Question 121: What is a Catalyst optimizer?

Answer: It is a core part of SparkSQL, which is written using Scala. This helps Spark in

  • Schema inference from JSON data

You can say that, it is helping Spark SQL to generate query plan, which can be easily converted to the Direct Acyclic Graph of RDD’s. Once DAG is created it is ready to execute. It does lot of things before creating optimized query plan. Main purpose of this optimizer, is to create optimized DAG.

Both the query plans and optimized query plans are internally represented as trees. Catalyst optimizer has various other libraries, which help in working on this trees.

Question 122: What all types of plans can be created by the Catalyst optimizer?
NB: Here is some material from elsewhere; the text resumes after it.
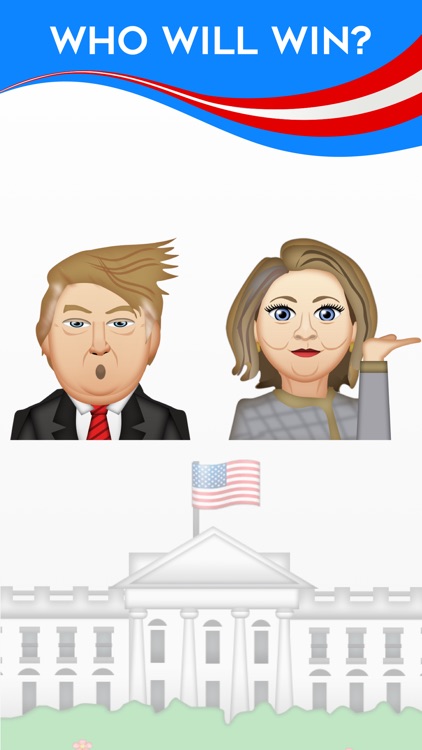 VoteMoji screenshot-4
Answer: Catalyst optimizer can create following two query plans

  • Logical plan: It defines the computations on the DataSets, without defining how to carry out the specific computations.
  • Physical plan: It defines computation of the datasets, which can be executed to get expected result. Generally multiple physical plans are generated by the optimizer and then later on using Cost-based optimizer, less costly plan will be selected to execute the query.

Question 123: How do you print the all the plans created by Catalyst optimizer for running a query?

Answer: We have to use explain(Boolean) method. Something similar to below

dataframe1.join(dataframe2, "region").selectExpr("count(*)").explain(true)

 

Question 124: What is Project Tungsten?

Answer: You can say that, this is one of the largest execution engine for Spark. It has more focus on observing CPU and Memory, rather than I/O and network. In Spark CPU and Memory was the major bottleneck for performance.

Before Spark 2.0, a most of the CPU cycles were wasted, rather than using for computation, they were used for read/write of intermediate data to CPU cache.

Project tungsten helped in improving efficiency of memory and CPU, so that maximum hardware limits can be used.

Question 125: Do you see any pain point with regards to Spark DStream?

Answer: There are some common issues with the Spark DStream

  • Timestamp: It consider timestamp, when event entered into the Spark system, rather than attached timestamp of the event.
  • API: You have to write different code for both batch and steam processing.
  • Failure condition: Developer has to manage various failure conditions.